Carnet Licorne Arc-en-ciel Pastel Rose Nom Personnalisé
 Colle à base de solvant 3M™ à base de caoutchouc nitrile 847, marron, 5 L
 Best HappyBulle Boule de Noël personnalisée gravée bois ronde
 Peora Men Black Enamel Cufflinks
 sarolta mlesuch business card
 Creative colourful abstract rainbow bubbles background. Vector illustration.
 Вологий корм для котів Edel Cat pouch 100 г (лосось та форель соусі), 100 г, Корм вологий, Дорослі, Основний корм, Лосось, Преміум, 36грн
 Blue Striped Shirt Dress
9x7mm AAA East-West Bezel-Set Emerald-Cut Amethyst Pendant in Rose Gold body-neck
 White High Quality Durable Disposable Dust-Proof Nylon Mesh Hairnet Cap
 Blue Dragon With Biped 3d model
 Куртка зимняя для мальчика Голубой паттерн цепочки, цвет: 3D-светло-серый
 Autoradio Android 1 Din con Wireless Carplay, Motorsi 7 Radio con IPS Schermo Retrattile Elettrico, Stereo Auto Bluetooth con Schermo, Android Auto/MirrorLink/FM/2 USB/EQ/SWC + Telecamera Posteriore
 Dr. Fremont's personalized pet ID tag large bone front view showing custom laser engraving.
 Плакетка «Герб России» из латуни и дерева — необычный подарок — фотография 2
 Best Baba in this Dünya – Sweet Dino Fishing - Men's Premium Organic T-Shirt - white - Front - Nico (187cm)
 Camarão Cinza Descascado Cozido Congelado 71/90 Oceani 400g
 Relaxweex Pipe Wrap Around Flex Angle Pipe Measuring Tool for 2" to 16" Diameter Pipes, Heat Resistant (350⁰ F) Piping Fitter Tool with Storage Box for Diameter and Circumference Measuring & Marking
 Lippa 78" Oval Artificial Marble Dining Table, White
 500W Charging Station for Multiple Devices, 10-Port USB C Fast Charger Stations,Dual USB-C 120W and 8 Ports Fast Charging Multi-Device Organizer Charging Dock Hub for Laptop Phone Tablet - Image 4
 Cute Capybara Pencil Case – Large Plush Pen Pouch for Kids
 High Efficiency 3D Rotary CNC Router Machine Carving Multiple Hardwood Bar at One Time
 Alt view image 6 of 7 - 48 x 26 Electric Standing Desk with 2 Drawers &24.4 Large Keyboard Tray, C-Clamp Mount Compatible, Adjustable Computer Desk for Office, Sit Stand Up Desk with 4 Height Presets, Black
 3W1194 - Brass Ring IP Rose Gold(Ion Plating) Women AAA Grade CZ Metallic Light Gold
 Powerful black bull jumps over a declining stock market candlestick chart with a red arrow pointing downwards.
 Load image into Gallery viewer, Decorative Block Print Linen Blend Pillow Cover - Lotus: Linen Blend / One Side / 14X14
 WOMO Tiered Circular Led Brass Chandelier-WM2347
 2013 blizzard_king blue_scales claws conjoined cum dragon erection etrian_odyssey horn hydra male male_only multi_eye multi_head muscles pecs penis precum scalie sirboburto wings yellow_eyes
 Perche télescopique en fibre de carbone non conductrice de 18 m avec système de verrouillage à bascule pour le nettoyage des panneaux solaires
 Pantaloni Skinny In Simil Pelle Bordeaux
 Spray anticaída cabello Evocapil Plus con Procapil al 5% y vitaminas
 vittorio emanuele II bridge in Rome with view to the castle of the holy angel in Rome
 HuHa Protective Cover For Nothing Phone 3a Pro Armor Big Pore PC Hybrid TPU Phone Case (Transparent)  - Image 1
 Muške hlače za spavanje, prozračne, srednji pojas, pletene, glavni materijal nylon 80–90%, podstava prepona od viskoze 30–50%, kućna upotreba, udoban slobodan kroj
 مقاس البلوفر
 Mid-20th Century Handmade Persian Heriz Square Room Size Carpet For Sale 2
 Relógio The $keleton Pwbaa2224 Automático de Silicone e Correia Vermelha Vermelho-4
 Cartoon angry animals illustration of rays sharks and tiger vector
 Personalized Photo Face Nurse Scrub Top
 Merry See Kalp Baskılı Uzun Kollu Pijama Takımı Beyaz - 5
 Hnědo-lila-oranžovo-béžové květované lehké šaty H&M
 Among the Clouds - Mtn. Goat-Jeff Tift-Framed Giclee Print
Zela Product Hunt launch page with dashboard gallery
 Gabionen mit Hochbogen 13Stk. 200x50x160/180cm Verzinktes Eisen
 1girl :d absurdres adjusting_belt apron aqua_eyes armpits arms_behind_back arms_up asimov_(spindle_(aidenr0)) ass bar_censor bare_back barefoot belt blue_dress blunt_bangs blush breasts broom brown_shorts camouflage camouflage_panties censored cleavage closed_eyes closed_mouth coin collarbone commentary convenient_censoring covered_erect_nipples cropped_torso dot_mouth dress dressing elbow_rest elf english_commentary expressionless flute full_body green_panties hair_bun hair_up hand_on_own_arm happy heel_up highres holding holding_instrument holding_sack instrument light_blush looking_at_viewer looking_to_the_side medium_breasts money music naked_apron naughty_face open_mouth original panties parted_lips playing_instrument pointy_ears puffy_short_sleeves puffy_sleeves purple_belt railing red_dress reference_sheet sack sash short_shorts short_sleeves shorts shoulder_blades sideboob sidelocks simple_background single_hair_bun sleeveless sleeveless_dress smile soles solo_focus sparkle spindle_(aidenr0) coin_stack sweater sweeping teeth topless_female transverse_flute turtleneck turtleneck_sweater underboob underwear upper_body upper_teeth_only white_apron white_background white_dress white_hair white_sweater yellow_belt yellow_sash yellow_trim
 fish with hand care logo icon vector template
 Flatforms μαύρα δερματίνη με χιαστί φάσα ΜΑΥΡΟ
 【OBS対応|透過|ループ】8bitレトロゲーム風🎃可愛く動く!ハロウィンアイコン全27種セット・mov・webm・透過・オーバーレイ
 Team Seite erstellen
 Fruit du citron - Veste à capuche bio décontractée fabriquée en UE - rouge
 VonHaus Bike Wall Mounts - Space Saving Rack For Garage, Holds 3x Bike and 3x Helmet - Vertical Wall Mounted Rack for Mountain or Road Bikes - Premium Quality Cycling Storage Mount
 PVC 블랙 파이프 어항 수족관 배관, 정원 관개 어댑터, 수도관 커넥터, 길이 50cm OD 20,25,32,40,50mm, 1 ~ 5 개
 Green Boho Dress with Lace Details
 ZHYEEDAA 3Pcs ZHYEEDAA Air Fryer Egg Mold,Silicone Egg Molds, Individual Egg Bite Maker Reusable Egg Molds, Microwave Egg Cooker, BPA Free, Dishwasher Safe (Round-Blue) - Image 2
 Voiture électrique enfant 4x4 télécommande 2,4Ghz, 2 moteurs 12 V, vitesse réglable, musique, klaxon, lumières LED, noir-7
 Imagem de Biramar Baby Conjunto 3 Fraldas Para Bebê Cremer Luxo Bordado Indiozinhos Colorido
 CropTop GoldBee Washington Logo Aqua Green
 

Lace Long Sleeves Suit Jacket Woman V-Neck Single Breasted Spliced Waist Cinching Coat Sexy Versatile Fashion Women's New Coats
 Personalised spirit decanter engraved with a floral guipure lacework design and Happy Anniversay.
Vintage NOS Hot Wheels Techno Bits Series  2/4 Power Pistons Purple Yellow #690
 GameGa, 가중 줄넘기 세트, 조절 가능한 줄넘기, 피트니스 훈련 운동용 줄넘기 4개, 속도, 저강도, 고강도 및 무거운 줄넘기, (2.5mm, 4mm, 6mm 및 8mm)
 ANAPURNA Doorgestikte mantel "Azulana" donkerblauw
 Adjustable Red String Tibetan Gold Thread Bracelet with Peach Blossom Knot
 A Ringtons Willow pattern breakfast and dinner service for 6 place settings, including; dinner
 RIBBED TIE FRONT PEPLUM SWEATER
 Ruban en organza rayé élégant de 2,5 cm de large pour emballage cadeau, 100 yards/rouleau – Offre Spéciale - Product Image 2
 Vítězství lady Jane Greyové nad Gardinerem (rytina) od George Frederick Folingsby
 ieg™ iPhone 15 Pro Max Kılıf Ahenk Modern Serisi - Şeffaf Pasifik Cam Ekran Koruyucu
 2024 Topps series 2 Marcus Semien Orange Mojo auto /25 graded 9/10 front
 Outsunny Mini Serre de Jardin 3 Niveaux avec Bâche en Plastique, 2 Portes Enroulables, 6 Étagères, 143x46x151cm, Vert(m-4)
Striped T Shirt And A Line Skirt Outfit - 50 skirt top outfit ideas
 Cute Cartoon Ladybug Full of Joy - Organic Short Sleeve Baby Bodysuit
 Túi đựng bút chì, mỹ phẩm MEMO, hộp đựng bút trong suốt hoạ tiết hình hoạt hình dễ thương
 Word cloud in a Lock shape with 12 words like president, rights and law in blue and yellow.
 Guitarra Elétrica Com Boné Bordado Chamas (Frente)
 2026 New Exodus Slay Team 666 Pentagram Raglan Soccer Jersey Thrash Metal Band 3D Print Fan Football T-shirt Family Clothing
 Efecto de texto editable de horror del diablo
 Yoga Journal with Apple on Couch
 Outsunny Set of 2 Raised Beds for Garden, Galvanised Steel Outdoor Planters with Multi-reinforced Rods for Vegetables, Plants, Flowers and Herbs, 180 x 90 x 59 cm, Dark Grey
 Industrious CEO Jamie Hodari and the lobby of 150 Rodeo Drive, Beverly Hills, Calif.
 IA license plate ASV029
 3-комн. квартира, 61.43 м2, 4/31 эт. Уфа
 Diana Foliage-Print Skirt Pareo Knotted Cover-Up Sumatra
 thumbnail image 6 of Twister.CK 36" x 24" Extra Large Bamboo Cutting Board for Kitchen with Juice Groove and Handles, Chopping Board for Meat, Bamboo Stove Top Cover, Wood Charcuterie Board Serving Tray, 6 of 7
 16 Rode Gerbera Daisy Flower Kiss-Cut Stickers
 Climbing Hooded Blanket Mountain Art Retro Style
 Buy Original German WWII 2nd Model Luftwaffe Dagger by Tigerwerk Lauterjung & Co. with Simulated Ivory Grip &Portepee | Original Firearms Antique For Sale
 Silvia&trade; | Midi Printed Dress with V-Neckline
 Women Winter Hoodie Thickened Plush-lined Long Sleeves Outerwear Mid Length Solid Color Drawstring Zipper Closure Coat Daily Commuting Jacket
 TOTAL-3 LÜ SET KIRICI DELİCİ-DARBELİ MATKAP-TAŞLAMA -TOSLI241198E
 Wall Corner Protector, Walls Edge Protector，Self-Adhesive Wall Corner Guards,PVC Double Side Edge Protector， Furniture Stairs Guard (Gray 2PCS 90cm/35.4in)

========

Scan the records above for the lines holding "9x7mm AAA East-West" and "Powerful black bull". Transcribe those two and every line between them word for word, and no others.

9x7mm AAA East-West Bezel-Set Emerald-Cut Amethyst Pendant in Rose Gold body-neck
 White High Quality Durable Disposable Dust-Proof Nylon Mesh Hairnet Cap
 Blue Dragon With Biped 3d model
 Куртка зимняя для мальчика Голубой паттерн цепочки, цвет: 3D-светло-серый
 Autoradio Android 1 Din con Wireless Carplay, Motorsi 7 Radio con IPS Schermo Retrattile Elettrico, Stereo Auto Bluetooth con Schermo, Android Auto/MirrorLink/FM/2 USB/EQ/SWC + Telecamera Posteriore
 Dr. Fremont's personalized pet ID tag large bone front view showing custom laser engraving.
 Плакетка «Герб России» из латуни и дерева — необычный подарок — фотография 2
 Best Baba in this Dünya – Sweet Dino Fishing - Men's Premium Organic T-Shirt - white - Front - Nico (187cm)
 Camarão Cinza Descascado Cozido Congelado 71/90 Oceani 400g
 Relaxweex Pipe Wrap Around Flex Angle Pipe Measuring Tool for 2" to 16" Diameter Pipes, Heat Resistant (350⁰ F) Piping Fitter Tool with Storage Box for Diameter and Circumference Measuring & Marking
 Lippa 78" Oval Artificial Marble Dining Table, White
 500W Charging Station for Multiple Devices, 10-Port USB C Fast Charger Stations,Dual USB-C 120W and 8 Ports Fast Charging Multi-Device Organizer Charging Dock Hub for Laptop Phone Tablet - Image 4
 Cute Capybara Pencil Case – Large Plush Pen Pouch for Kids
 High Efficiency 3D Rotary CNC Router Machine Carving Multiple Hardwood Bar at One Time
 Alt view image 6 of 7 - 48 x 26 Electric Standing Desk with 2 Drawers &24.4 Large Keyboard Tray, C-Clamp Mount Compatible, Adjustable Computer Desk for Office, Sit Stand Up Desk with 4 Height Presets, Black
 3W1194 - Brass Ring IP Rose Gold(Ion Plating) Women AAA Grade CZ Metallic Light Gold
 Powerful black bull jumps over a declining stock market candlestick chart with a red arrow pointing downwards.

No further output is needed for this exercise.